# Pocket holes for draws



## azk404 (5 Apr 2021)

I’ve seen a few mixed opinions when building draws out of plywood and using pocket holes to assemble them so I just wanted to get some opinions here to see what people think or if people have made draws with them and found doing it that was to be quick and easy.

Any advice would be good


----------



## Spectric (5 Apr 2021)

I am in process of making some drawers and when you look into it the reasons traditionaly they used dovetails, at least on the drawfront was because of the stress put into the joints when pulling on the handle. I would not use pocket hole screws because although they are very good in the right application this is not in my view one of them. There are other joints used like finger joints and profiles done with a router like Drawer Locking Joint Bits - Infinity Tools and others like a sliding dovetail or simple rebate and brads, I am sure others will come along with more suggestions and will have made a lot more drawers than myself.


----------



## doctor Bob (5 Apr 2021)

Where are the drawers going, furniture, in a workshop, garage?


----------



## novocaine (5 Apr 2021)

I have to disagree with you sceptic.
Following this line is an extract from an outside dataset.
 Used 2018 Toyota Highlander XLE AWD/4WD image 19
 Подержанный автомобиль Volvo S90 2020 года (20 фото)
This is almost the perfect use for pocket screws. It's one of the very few times where all the force is axial to the screw, which also happens to be the screws strongest alignment. Much like never using a bolt as a pin really. 
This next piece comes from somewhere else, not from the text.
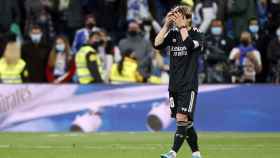 Luka Modric se lamenta sobre el césped del Santiago Bernabéu.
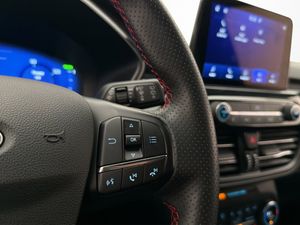 Ford Kuga bild 18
I'm no advocate of pocket holes,i know they have there place in this world but tend towards joinery when i can. But for quick draws they are quick easy and capable. The draws beneath my pillar drill are pocket holed and they havent collapsed yet, which considering the 20kg (never weighed it but there is 4 of ever size between 0.5 and 15mm in metric and imperial in there) bits in the bottom draw riding on simple wooden runners is something of a surprise . 

If im making drawers for in the house they would be dovetailed or lock joints but for the workshop I'd say go for it. 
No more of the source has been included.